尼坎德拉又一次,被从科利亚的皇宫扔了出来。
她的身上遍布淤青,衣裙也破破烂烂,面容枯槁,皮肤皲裂宛如枯死多年老树的皮。
仆从们路过她身边时,都格外默契地绕着她走,活像她身上有什么一沾就会死的烈性传染病。
如此落魄,如此狼狈,这在巧艺的纺织者身上,本是几乎不可能发生的事情:
她们纺织精美的布匹,以供贵族使用;若有人的手艺更加超群,便可以被高价收走,以作献给神明的祭品。
——如果说,雇佣她的人,是一个国家的皇室呢?
那这就更不可能了。
——但如果再说,雇佣她的人,是科利亚的公主阿尔基诺厄呢?
那这就很正常了。
不得不说,这就是口碑……至于是正向的还是反向的,那你别管,再问就把你埋进这碑的下面。
科利亚的公主阿尔基诺厄爱好奢华,却又吝于拿出相应的钱财,给那些为她纺织布匹、刺绣花样,调和香水与发膏的人。
而且她的心底有一杆秤,知道谁的钱不能拖欠,谁的钱可以一分不给:
那些用来打点关系的,贵族之间的交往,自然要舍得往里砸真金白银。
献给神庙祭司的礼品,自然也不能缺少,只要让神灵耳朵里充斥的,全都是赞美她的好话,那些贱民的抱怨就不会被听见,她的人身安全也就能得到保障。
但钱是有限的。
既然前面两项都百分百做到位了,甚至还有点超预算,那剩下的一项偷工减料一下,以平衡支出,也很正常吧?
故而时间一久,科利亚城中一旦有人收到传信,说“公主很喜欢你的手艺,让你进宫去做事”,无不长吁短叹,愁眉苦脸,没一个想去的:
毕竟这一去,就意味着要自己倒贴钱上班。
更要命的是,还不知道要做多久的白工,时间久了,家里坐吃山空,揭不开锅,会饿死人的。
可阿尔基诺厄毕竟是国王的女儿。
她想征召什么人去为她做事,谁还敢拒绝?
就这样,每日城中的众手工人,无不胆战心惊,暗地诅咒这为富不仁的公主,和对她的所作所为视若无睹的国王,一起去死。

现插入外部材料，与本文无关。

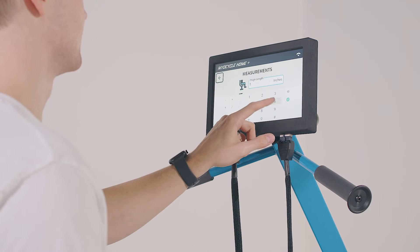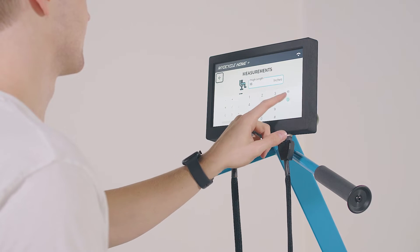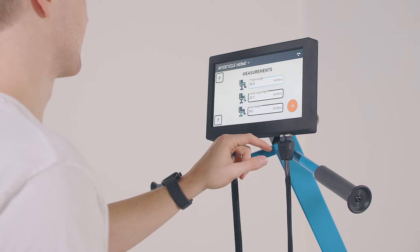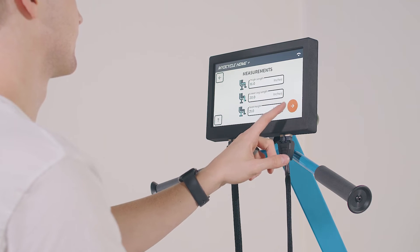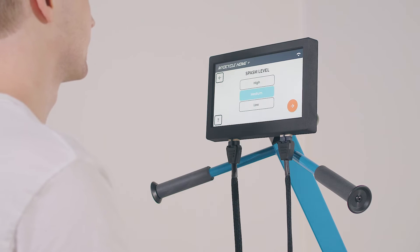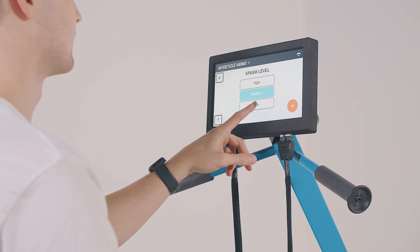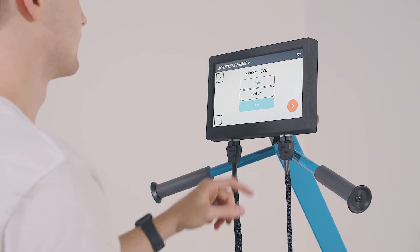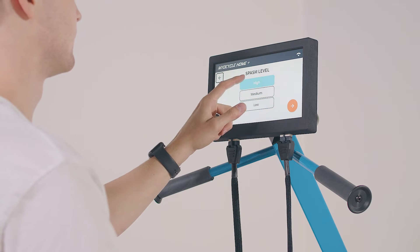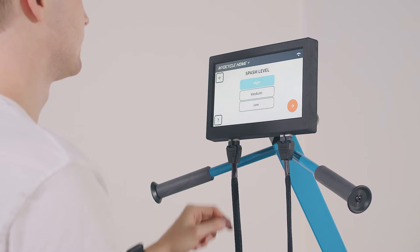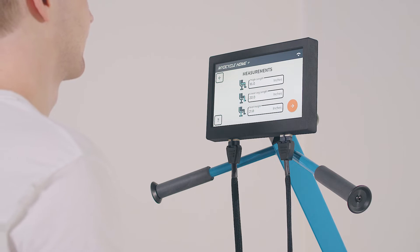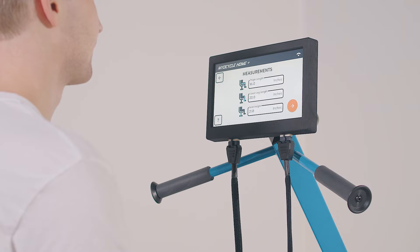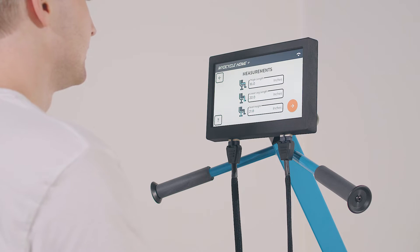Once you're logged in, you'll be prompted to enter the length of your legs and to select a spasm level. When choosing a spasm level, most adults use medium, but people with lighter, loose legs can use low and people with heavier, stiff legs can use high. Your leg measurements are used to customize the stimulation for you. For more details on how to properly take leg measurements, refer to the user guide.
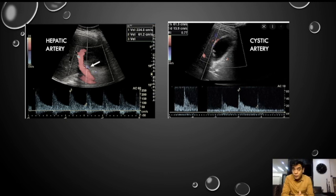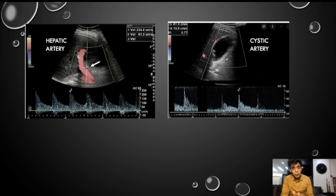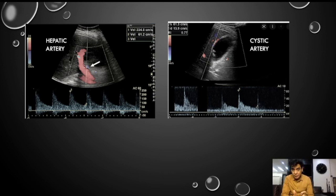Now what are the problems with hepatic artery Doppler? The problem is that when we take hepatic Doppler values as positive and use them for differentiation from chronic cholecystitis, that is fine. But we have to remember that they are not specific for acute cholecystitis — this increased velocity can also be present in cases of hepatitis. So here, cystic artery Doppler becomes more important, because if you want to be specific, cystic artery Doppler is more helpful.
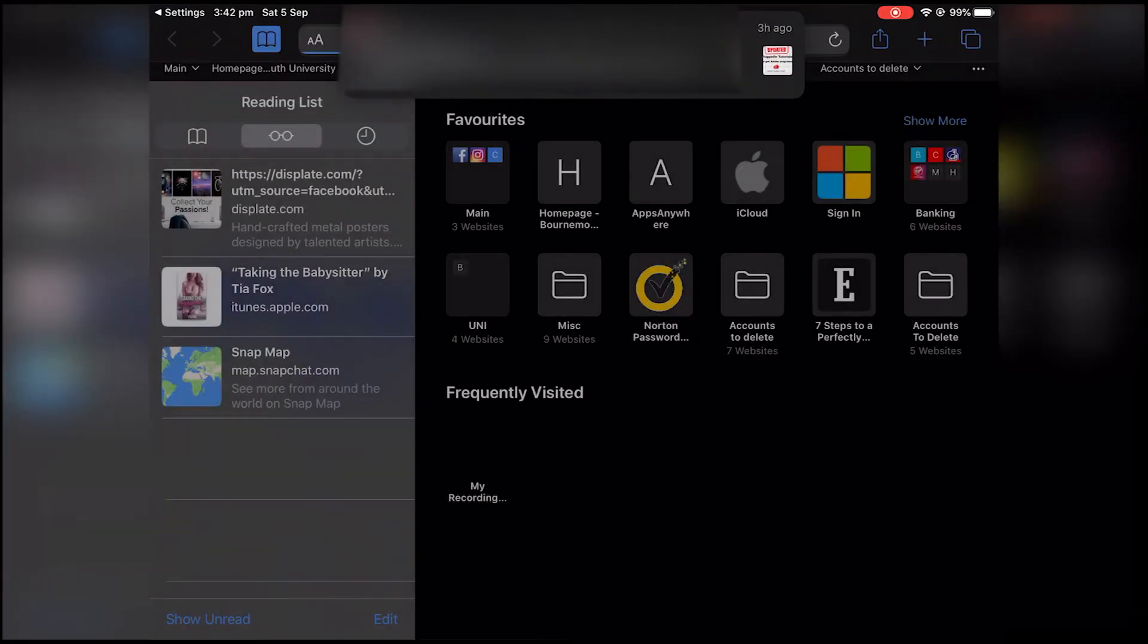If the internet does not work just go to manage my devices and sign in once again.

不过目前看来,阿尔基诺厄定下的财政方针还是蛮有道理的。
证据就是她搜刮了这么久的民脂民膏,诅咒她的人不知凡几,竟然还没有神灵来惩罚她,看来是祭司们的好话说到位了。
好话说到位了,盘剥者就安全了,被盘剥者就要流下血泪了。
可惜这一次,被阿尔基诺厄召去做白工的,好像不是很吃“能为公主劳作是我的荣幸我自愿放弃工钱”的这一套,甚至还把遮羞布扯了下来,每日都锲而不舍地前来讨薪。
大门“砰”地一声在尼坎德拉的背后关上,依稀能听见阿尔基诺厄气急败坏的声音,从皇宫最高处的露台上传来:
“……她怎么还在?你们难道没有派一位勇武的猎人,把她驱赶去森林里,叫她和野兽为伍,让她自生自灭吗?!”
“能为我纺织挂毯和长袍,是她的荣幸。她既已经拥有这般殊荣,为何还要奢求工钱?真是不知满足,贪得无厌的贱民!”
侍女们赶忙解释道:“殿下,您数日前刚下令,我们便找到了科利亚最经验丰富的猎手,叫他去执行您的命令,而他也确实这样做了,我们都看着呢。”
“结果这女子的运气好得出奇。她不仅徒步从森林中走了出来,还没有受到野兽的伤害,好像受到了神灵的庇佑似的。”
“这反常的好运鼓舞了她,才使她最近天天都来跟您讨要工钱。”
阿尔基诺厄愈发暴怒:“那你们就不会把她赶走?真是一群废物,就让这么一个污秽的、上不得台面的纺织女工,污染整洁美丽的皇宫的地面吗?”
侍女们下意识对视一眼,都从彼此的眼睛里看到了隐忍的愤怒:
您是没发尼坎德拉的工钱,但也没发我们的啊?!
而且就算她没有得到神灵的祝福,她已经数月没有盥洗了,还去森林里转了一圈,鬼知道她身上会不会有什么传染病;就算没有传染病,我们也不会去驱赶她的,因为实在太臭了。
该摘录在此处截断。